Geo: Cloning LFS objects from secondary site downloads from the primary site even when secondary is fully synced
What does this MR do and why?
- Route batch LFS requests to the secondary rails app to proxy requests
- Currently batch requests are immediately sent to the primary
- Use
Geo::LfsObjectRegistry
to determine if the objects in the batch request are synced
How to set up and validate locally
-
Create a project with LFS objects (https://gitlab.com/ibaum/lfstest is available), and wait for it to sync to the secondary
-
Clone the project over ssh to the secondary with
GIT_CURL_VERBOSE=1
set:$ GIT_CURL_VERBOSE=1 git clone ssh://SECONDARY_PROJECT_SSH_URL
Currently, you will see responses in the output with pointers to the primary node
{ "objects": [ { "oid": "OID", "size": 10240000000, "actions": { "download": { "href": "HTTP_URL_TO_PRIMARY_PROJECT/gitlab-lfs/objects/OID", "header": { "Authorization": "Basic ..." } } } }, ... ] }
With the changes from this MR, you will see
{ "objects": [ { "oid": "OID", "size": 10240000000, "actions": { "download": { "href": "HTTP_URL_TO_SECONDARY/gitlab-lfs/objects/OID", "header": { "Authorization": "Basic ..." } } } }, ... ] }
-
Verify clone still routes to primary when secondary is not synced In a rails console on the secondary node to mark the objects as pending
[17] pry(main)> lfs_ids = p.lfs_objects.collect(&:id) [17] pry(main)> Geo::LfsObjectRegistry.find_each.select{|x| lfs_ids.include?(x.id) }.map {|y| y.state = 0 ; y.save! }
-
Running a git clone over ssh with
GIT_CURL_VERBOSE=1
will show the LFS objects being downloaded from the secondary
MR acceptance checklist
This checklist encourages us to confirm any changes have been analyzed to reduce risks in quality, performance, reliability, security, and maintainability.
-
I have evaluated the MR acceptance checklist for this MR.
Related to #410413 (closed)
Database
Queries
NOTE: EXPLAIN was run against a GDK instance with some test LFS data. The test project has 10000 LFS objects attached, with another 100000 LFS objects on the instance
SELECT "lfs_objects"."id", "lfs_objects"."oid" FROM "lfs_objects" WHERE "lfs_objects"."oid" IN (...)

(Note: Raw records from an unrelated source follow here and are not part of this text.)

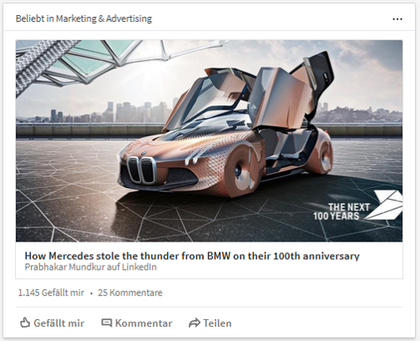 Ein LinkedIn-Blogartikel, der an der Zeile unter der Überschrift zu erkennen ist – „Name des Autors“ auf LinkedIn. Passenden Nutzern wird er in deren Newsfeeds angezeigt. Ein LinkedIn-Blogartikel, der an der Zeile unter der Überschrift zu erkennen ist – „Name des Autors“ auf LinkedIn. Passenden Nutzern wird er in deren Newsfeeds angezeigt.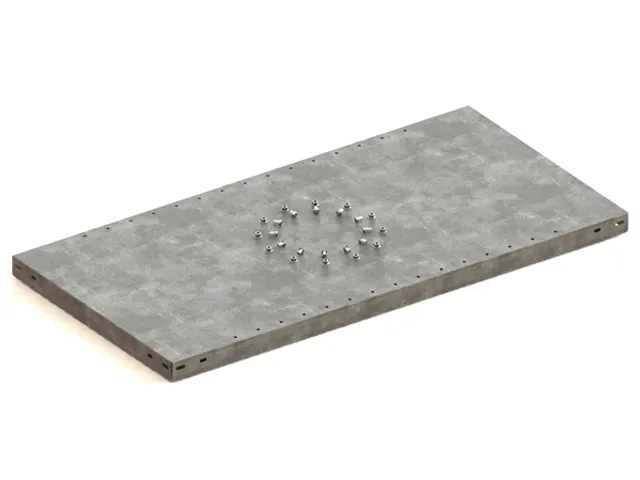 legbord,v. magazijnstelling,BxD 1000x500mm,vakl. 150kg,verzinkt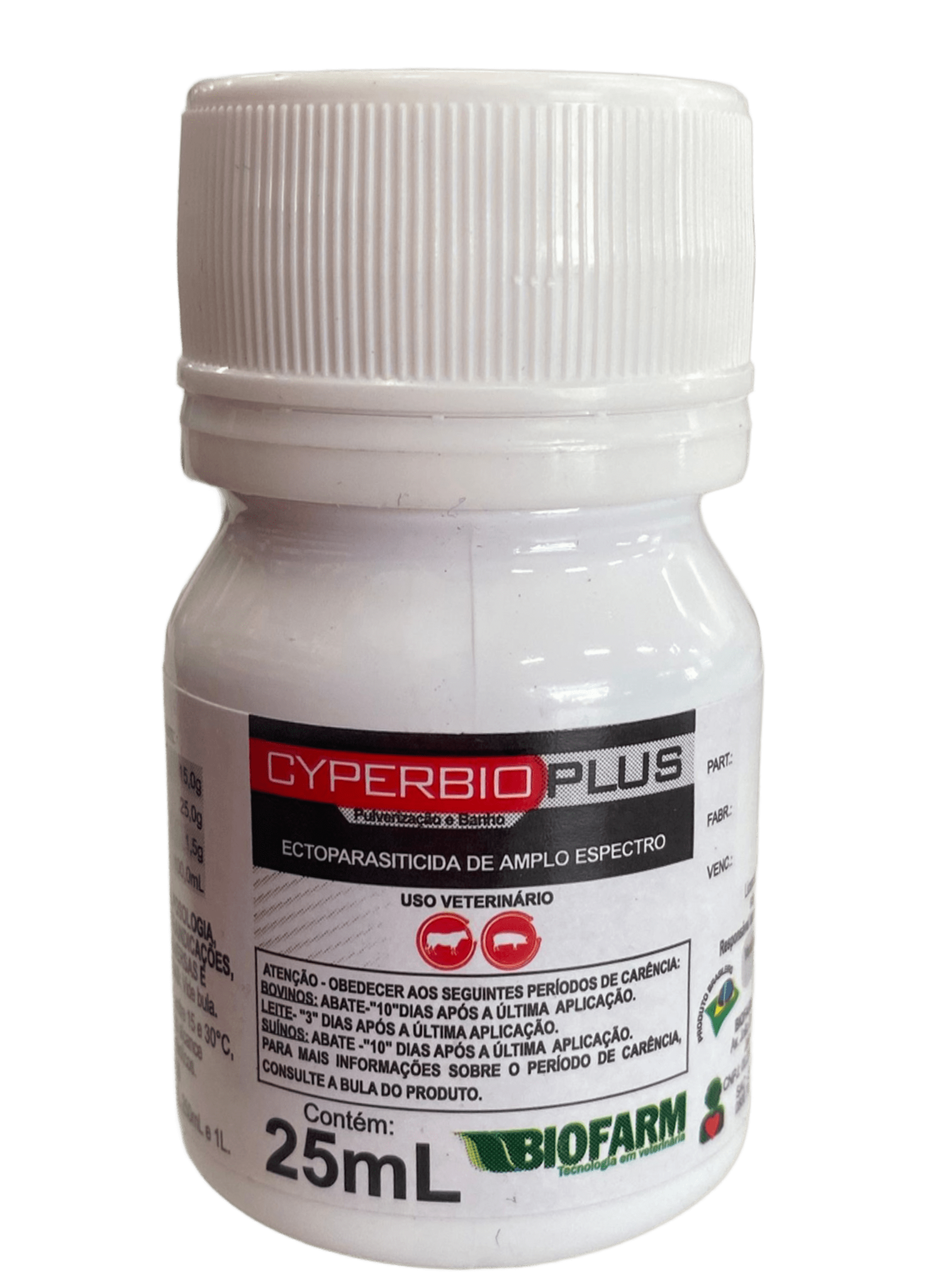 ECTOPARASITICIDA DE AMPLO ESPECTRO CYPERBIO PLUS PULVERIZAÇÃO E BANHO 25ML - BIOFARM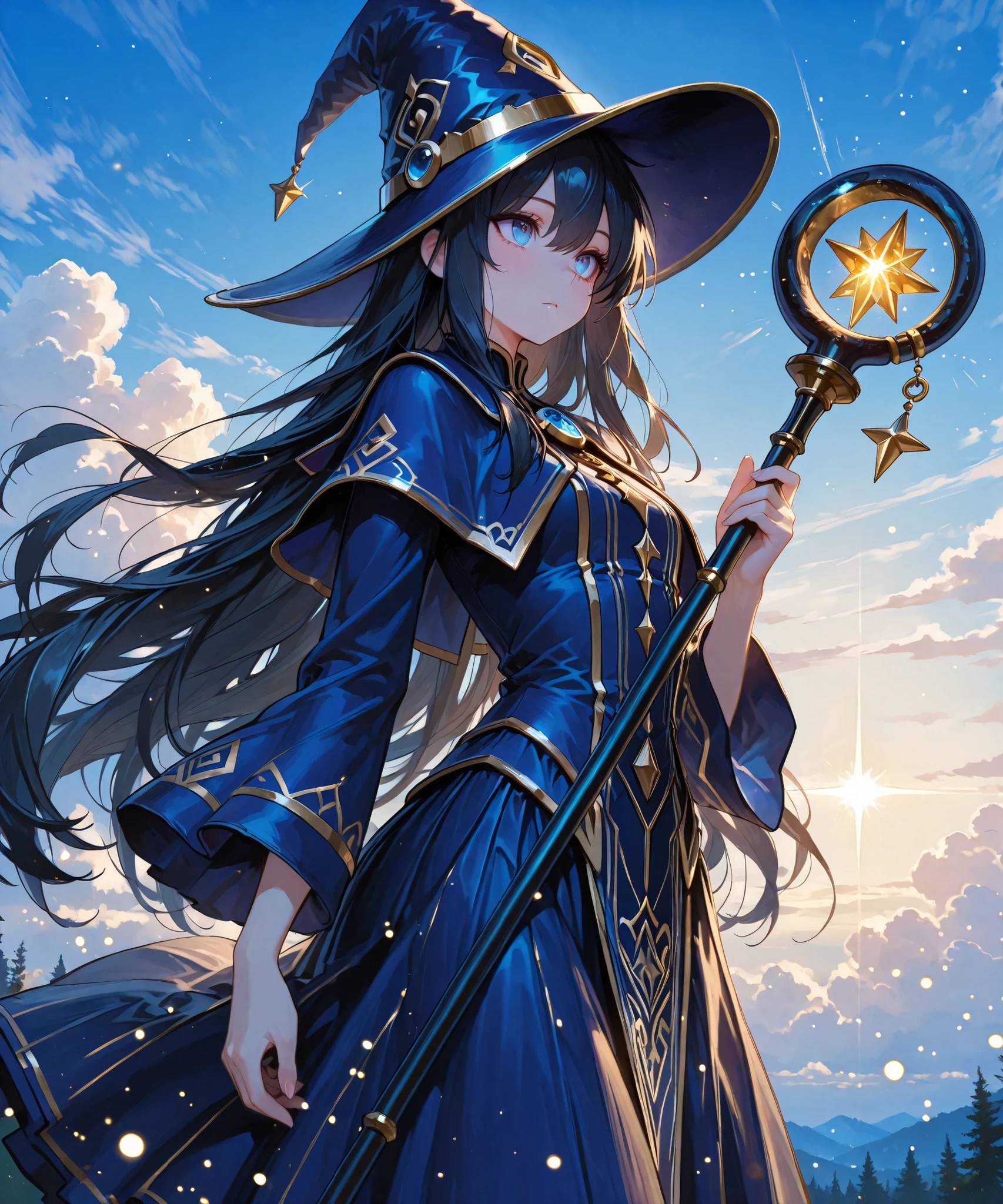 748cmstyle, fine trait, masterpiece, best quality,fine trait,Beautiful Gorgeous Magician-wizard-Girl, wizard-hat,,very long wavy black hair, hadling a magic-staff, pose action. High def blue eyes, Best Quality, eyesHD, high gradient eyes, detailed eyes, high definition eyes, Effects/Lucid-Oil-Shine"
", cinematic lighting,,
intricate uniform detailing, full HD, 4K, HD, photographic, depth of field, in the divine light, Heaven mistic dimension, outdoor, isekai-forest,, intense blue sky with white clouds.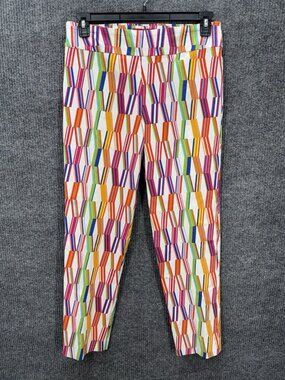 Krazy Larry Pants Womens 12 Rainbow Sticks Pull On Ankle Stretch Ponte Geometric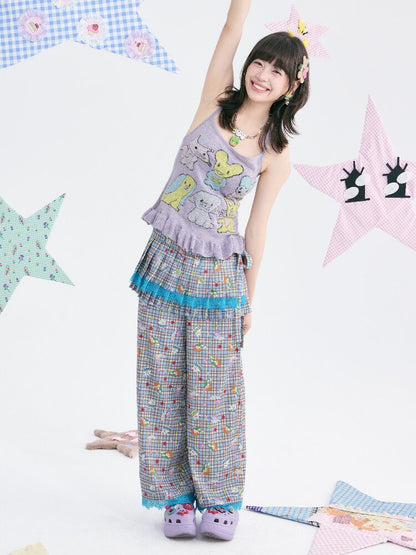 Plaid Low-Rise Lace Apron Pants【s0000018367】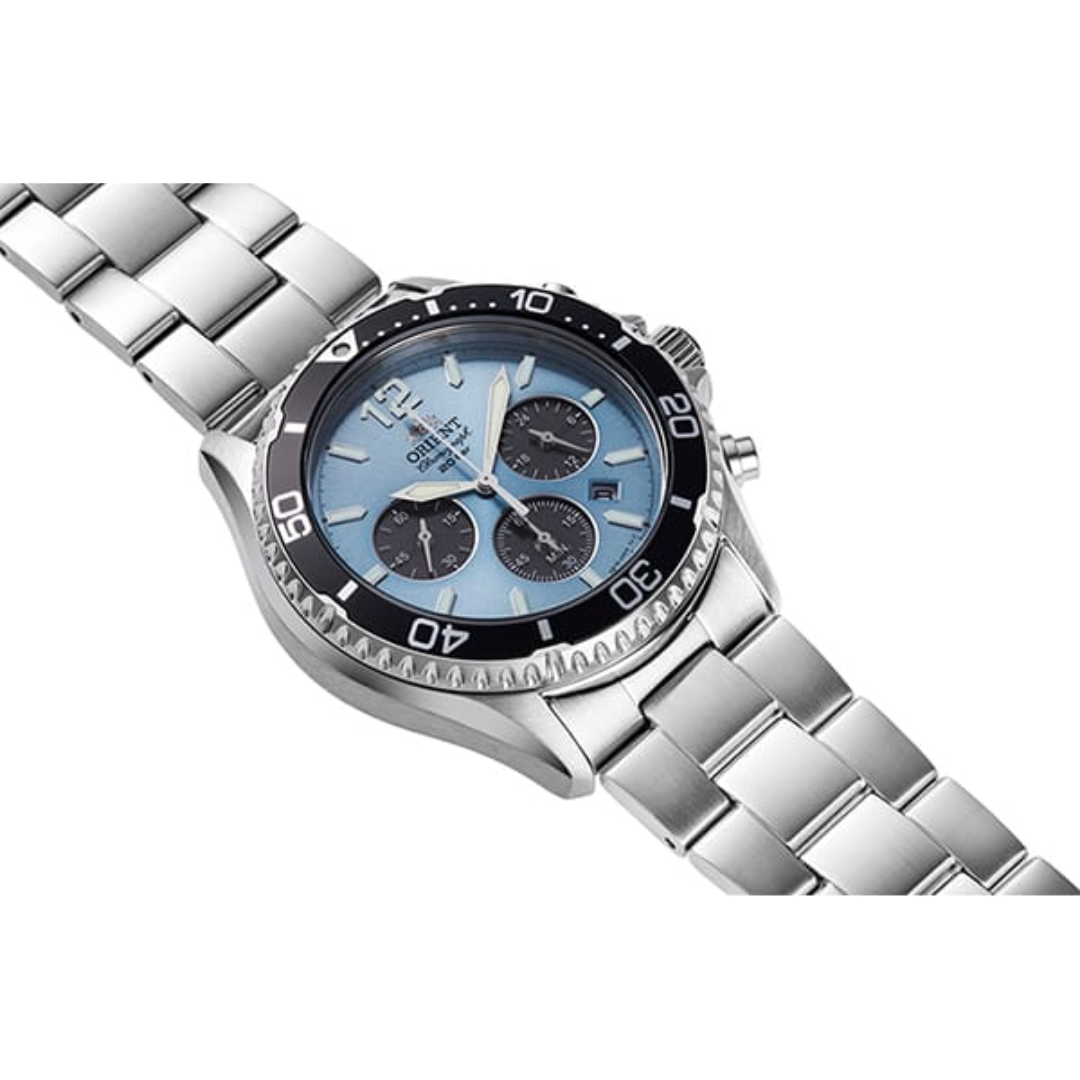 นาฬิกา ORIENT Sports Chronograph รุ่น RA-TX0206L Sky Blue Solar Powered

EXPLAIN for: SELECT "lfs_objects"."id", "lfs_objects"."oid" FROM "lfs_objects" WHERE "lfs_objects"."oid" IN (...) /*application:web,db_config_name:main,line:/sql.rb:8:in `<main>'*/
Index Scan using index_lfs_objects_on_oid on lfs_objects (cost=0.42..9221.69 rows=10011 width=69)
Index Cond: ((oid)::text = ANY ())
(2 rows)
SELECT "lfs_object_registry"."lfs_object_id" FROM "lfs_object_registry" WHERE ("lfs_object_registry"."state" IN (2)) AND "lfs_object_registry"."lfs_object_id" IN ()
Index Scan using index_state_in_lfs_objects on lfs_object_registry (cost=0.43..472.13 rows=1 width=4)
Index Cond: (state = 2)
Filter: (lfs_object_id = ANY ())
(3 rows)